I need some help with a regexp please

C

codefire

Hi,

I am trying to get a regexp to validate email addresses but can't get
it quite right. The problem is I can't quite find the regexp to deal
with ignoring the case (e-mail address removed), which is not valid. Here's
my attempt, neither of my regexps work quite how I want:

Code:
import os
import re

s = 'Hi [email protected] [email protected] [email protected] @@not
[email protected] partridge in a pear tree'
r = re.compile(r'\w+\.?\w+@[^@\s]+\.\w+')
#r = re.compile(r'[a-z\-\.]+@[a-z\-\.]+')

addys = set()
for a in r.findall(s):
    addys.add(a)

for a in sorted(addys):
    print a

This gives:
(e-mail address removed)
(e-mail address removed)
(e-mail address removed) <-- shouldn't be here :(
(e-mail address removed)

Nearly there but no cigar :)

I can't see the wood for the trees now :) Can anyone suggest a fix
please?

Thanks,
Tony
 
R

richard.charts

codefire said:
Hi,

I am trying to get a regexp to validate email addresses but can't get
it quite right. The problem is I can't quite find the regexp to deal
with ignoring the case (e-mail address removed), which is not valid. Here's
my attempt, neither of my regexps work quite how I want:

Code:
import os
import re

s = 'Hi [email protected] [email protected] [email protected] @@not
[email protected] partridge in a pear tree'
r = re.compile(r'\w+\.?\w+@[^@\s]+\.\w+')
#r = re.compile(r'[a-z\-\.]+@[a-z\-\.]+')

addys = set()
for a in r.findall(s):
addys.add(a)

for a in sorted(addys):
print a

This gives:
(e-mail address removed)
(e-mail address removed)
(e-mail address removed) <-- shouldn't be here :(
(e-mail address removed)

Nearly there but no cigar :)

I can't see the wood for the trees now :) Can anyone suggest a fix
please?

Thanks,
Tony

'[\w.]+@\w+(\.\w+)*'
Works for me, and SHOULD for you, but I haven't tested it all that
much.
Good luck.
 
N

Neil Cerutti

I am trying to get a regexp to validate email addresses but
can't get it quite right. The problem is I can't quite find the
regexp to deal with ignoring the case (e-mail address removed),
which is not valid. Here's my attempt, neither of my regexps
work quite how I want:

I suggest a websearch for email address validators instead of
writing of your own.

Here's a hit that looks useful:

http://aspn.activestate.com/ASPN/Cookbook/Python/Recipe/66439
 
S

Steve Holden

codefire said:
Hi,

I am trying to get a regexp to validate email addresses but can't get
it quite right. The problem is I can't quite find the regexp to deal
with ignoring the case (e-mail address removed), which is not valid. Here's
my attempt, neither of my regexps work quite how I want:

Code:
import os
import re

s = 'Hi [email protected] [email protected] [email protected] @@not
[email protected] partridge in a pear tree'
r = re.compile(r'\w+\.?\w+@[^@\s]+\.\w+')
#r = re.compile(r'[a-z\-\.]+@[a-z\-\.]+')

addys = set()
for a in r.findall(s):
addys.add(a)

for a in sorted(addys):
print a

This gives:
(e-mail address removed)
(e-mail address removed)
(e-mail address removed) <-- shouldn't be here :(
(e-mail address removed)

Nearly there but no cigar :)

I can't see the wood for the trees now :) Can anyone suggest a fix
please?
The problem is that your pattern doesn't start out by confirming that
it's either at the start of a line or after whitespace. You could do
this with a "look-behind assertion" if you wanted.

regards
Steve
 
C

codefire

Hi,

thanks for the advice guys.

Well took the kids swimming, watched some TV, read your hints and
within a few minutes had this:

r = re.compile(r'[^.\w]\w+\.?\w+@[^@\s]+\.\w+')
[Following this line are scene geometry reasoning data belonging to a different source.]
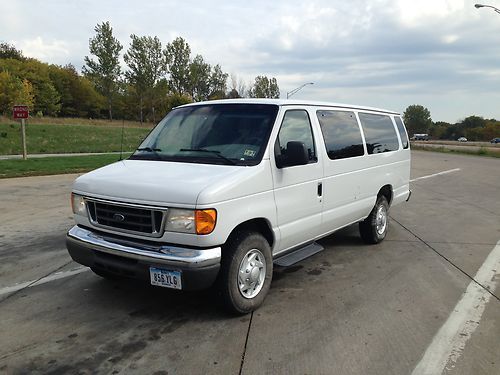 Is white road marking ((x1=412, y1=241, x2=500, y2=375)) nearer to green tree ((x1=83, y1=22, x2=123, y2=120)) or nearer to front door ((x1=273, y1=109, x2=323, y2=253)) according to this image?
front door ((x1=273, y1=109, x2=323, y2=253))

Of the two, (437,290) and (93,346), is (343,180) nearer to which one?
(437,290)

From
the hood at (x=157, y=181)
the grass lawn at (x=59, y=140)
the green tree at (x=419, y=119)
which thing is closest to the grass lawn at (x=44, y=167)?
the grass lawn at (x=59, y=140)

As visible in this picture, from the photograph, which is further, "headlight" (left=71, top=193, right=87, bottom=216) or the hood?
"headlight" (left=71, top=193, right=87, bottom=216)

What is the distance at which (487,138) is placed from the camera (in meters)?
122

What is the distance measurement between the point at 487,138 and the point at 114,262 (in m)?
137

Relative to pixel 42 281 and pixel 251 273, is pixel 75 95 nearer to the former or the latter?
pixel 42 281

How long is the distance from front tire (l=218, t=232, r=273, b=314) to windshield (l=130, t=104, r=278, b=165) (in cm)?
74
This works for me. That is if you have an invalid email such as
tony..bATblah.com it will reject it (note the double dots).

Anyway, now know a little more about regexps :)

Thanks again for the hints,

Tony
 
J

John Machin

codefire said:
Hi,

thanks for the advice guys.

Well took the kids swimming, watched some TV, read your hints and
within a few minutes had this:

r = re.compile(r'[^.\w]\w+\.?\w+@[^@\s]+\.\w+')

This works for me. That is if you have an invalid email such as
tony..bATblah.com it will reject it (note the double dots).

Anyway, now know a little more about regexps :)

A little more is unfortunately not enough. The best advice you got was
to use an existing e-mail address validator. The definition of a valid
e-mail address is complicated. You may care to check out "Mastering
Regular Expressions" by Jeffery Friedl. In the first edition, at least
(I haven't looked at the 2nd), he works through assembling a 4700+ byte
regex for validating e-mail addresses. Yes, that's 4KB. It's the best
advertisement for *not* using regexes for a task like that that I've
ever seen.

Cheers,
John
 
B

Ben Finney

John Machin said:
A little more is unfortunately not enough. The best advice you got was
to use an existing e-mail address validator. The definition of a valid
e-mail address is complicated. You may care to check out "Mastering
Regular Expressions" by Jeffery Friedl. In the first edition, at least
(I haven't looked at the 2nd), he works through assembling a 4700+ byte
regex for validating e-mail addresses. Yes, that's 4KB. It's the best
advertisement for *not* using regexes for a task like that that I've
ever seen.

The best advice I've seen when people ask "How do I validate whether
an email address is valid?" was "Try sending mail to it".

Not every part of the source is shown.